Many Young Adults Report Using Cannabis for Chronic Pain

cannabis use
cannabis use
Cannabis users without vs with chronic pain were more likely to use the drug for social, expansion, coping, conformity, and routine motivations.

A large percentage of young adults who use cannabis were found to resort to this option for chronic pain management, according to a study published in the Journal of Pain.

Researchers collected cross-sectional survey data of 143 young adults (mean age, 23.85 years) who used cannabis and resided in the Pacific Northwest. A subset of participants with chronic pain were subsequently enrolled in a secondary study (n=25). The investigators collected demographic data as well as pain history and characteristics, including pain intensity assessed with an 11-point numeric rating scale. Participants were asked to identify pain locations by clicking on areas of a body map on a computer. Pain-related disability and the frequency of cannabis use and cannabis-related problems were assessed with the PROMIS v1.0-Pain Interference-Short Form 8a and the Rutgers Marijuana Problem Index, respectively.

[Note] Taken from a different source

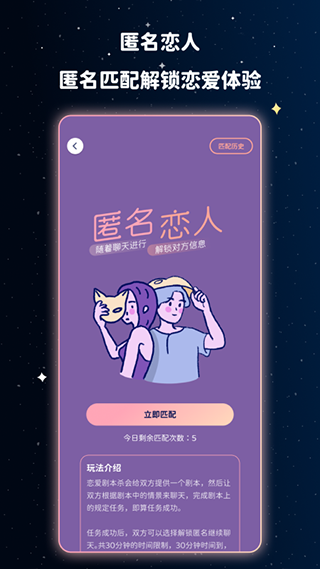 宇宙奶茶馆截图2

A total of 40% of patients met the criteria for chronic pain, and 22.4% reported clinically significant pain-related interference. Patients reported moderate intensity of usual pain. Cannabis users without vs with chronic pain were more likely to use the drug for social, expansion, coping, conformity, and routine motivations (P <.001 for all).

Pain relief was the most common motivation for cannabis use in patients with chronic pain (P <.001). Patients with vs without chronic pain were also more likely to use cannabis by themselves (P <.001), to use higher quantities of cannabis per episode (P =.005), to use cannabis at an earlier age (P =.037), and to have used it regularly for a longer period (P =.001).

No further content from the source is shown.